Nasz Czytelnik co chwilę spotyka się z różnymi sytuacjami na drogach rowerowych. Często są one zastawiane przez parkujące auta. Spacerują po nich również piesi. Czasami nawet całe rodziny.
– Uprzejmie proszę o przypomnienie pieszym, że drogi dla rowerów nie są najlepszym miejscem do spacerów, zwłaszcza z dziećmi i wózkami – zauważa nasz Czytelnik. – Także „przejazdy dla rowerzystów” to nie są przejścia dla pieszych.
Nasz Czytelnik ma świadomość, że rowerzyści nie są święci i także popełniają wykroczenia. – Wiem, że niektórzy rowerzyści też jeżdżą nie tam, gdzie powinni, ale to nie tłumaczy zachowania pieszych – wskazuje.
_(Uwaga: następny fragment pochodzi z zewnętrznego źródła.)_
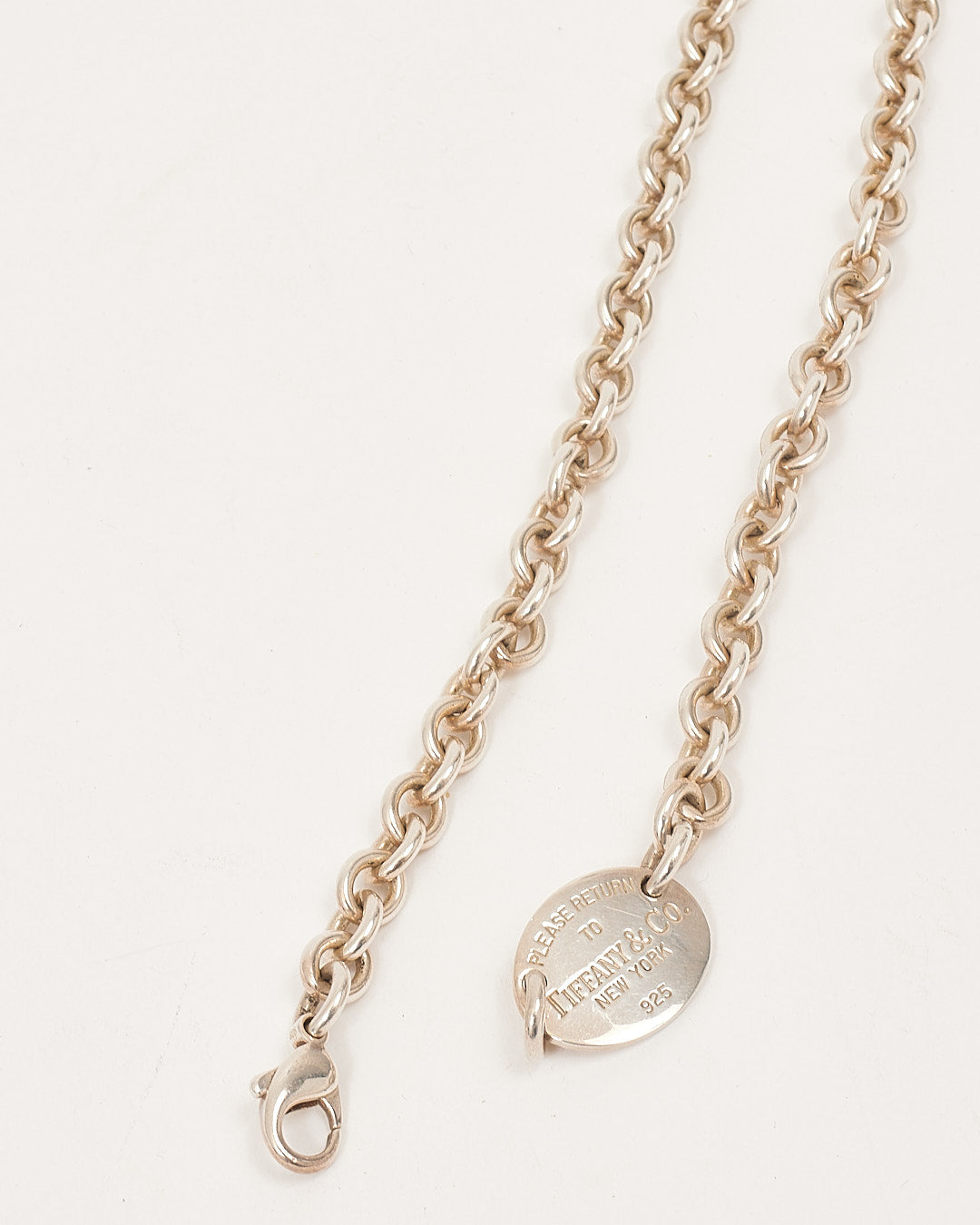Collier étiquette ovale Tiffany en argent sterling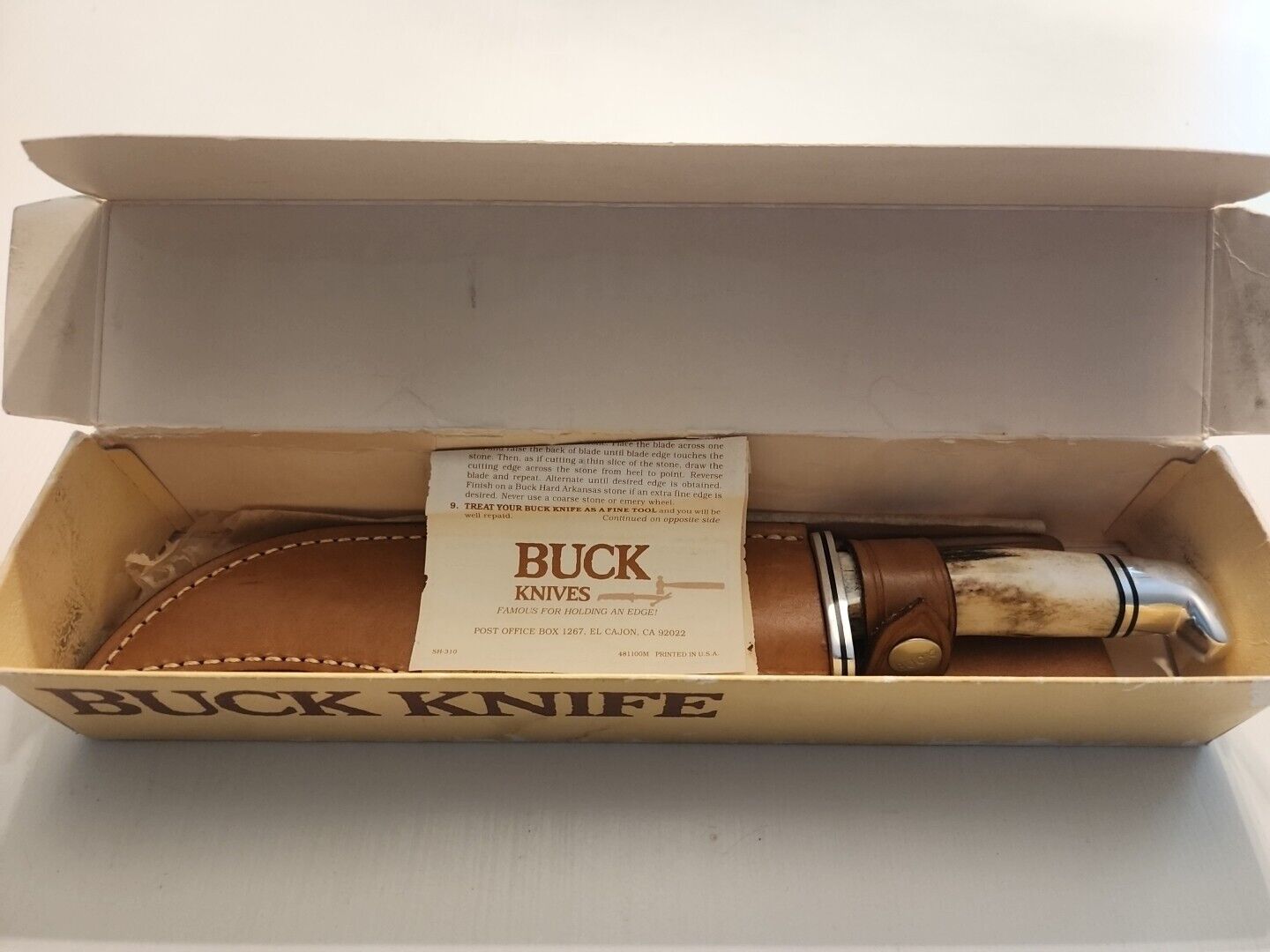 NEW VINTAGE Buck Knife 120 Stag With Leather Sheath Bone Handle Original Box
Czy spotykacie się z podobnymi sytuacjami? A jak jest z kulturą jazdy rowerzystów w Toruniu?
Teść
9 września 2021 @ 22:19
Na załączonym zdjęciu na tej „drodze rowerowej” pierwszeństwo ma pieszy.
W tym przypadku nie rozumiem jednak zachowania pani z wózkiem, gdyż chodnik obok jest dostatecznie wygodny.
Często nie dziwię się, że rodzice z wózkami „pchają się” na część pasa przeznaczonego dla rowerów, gdyż po chodniku ciężko przejść (a co dopiero jechać ze śpiącym w wózku dzieckiem). Pasy dla rowerów często są „wyrwane” pieszym z chodnika, gdzie pozostawiono mało miejsca, o które zresztą się nie dba tak jak o drogę rowerową.
romi
16 kwietnia 2019 @ 20:11
O tym, że jadą szybko przez zwykłe przejście dla pieszych lub szybko jadą ścieżką rowerową tuż przy wysokim żywopłocie o tym nie piszą. Uważam, że większość tzw. rowerzystów nie ma pojęcia o podstawach ruchu drogowego i zachowuje sie jak słoń w składzie porcelany. Puszczono sprawę na żywioł i takie są skutki. A co z ubezpieczeniami OC ??? Kto zrefunduje szkody osobowe i rzeczowe ??? . A gdzie jest policja ???? Tak dłużej nie może być. A mówimy o równych prawach Użytkownika dróg i chodników.
też kierowca
16 kwietnia 2019 @ 15:02
Cyklisto-rowerzysto, przesadzasz i to mocno. Widok kolarza (raczej, niż rowerzysty) na przelotówkach jest raczej bardzo rzadki. Zwyczajni codzienni rowerzyści (weekendowi też) jeżdżą po „ddr”-ach, bo jazda wśród rozpędzonych samochodów to prawie samobójstwo. Ci na jezdniach (Sz. Chełmińska, Lubicka o podobne to przede wszystkim kolarze lub ci, którym się wydaje że nimi są.
Cyklisto-kierowca
16 kwietnia 2019 @ 11:55
Podobnie jak ulice nie są miejscem dla rowerzystów, gdy obok nich biegnie droga rowerowa, o czym rowerzyści nagminnie „zapominają”.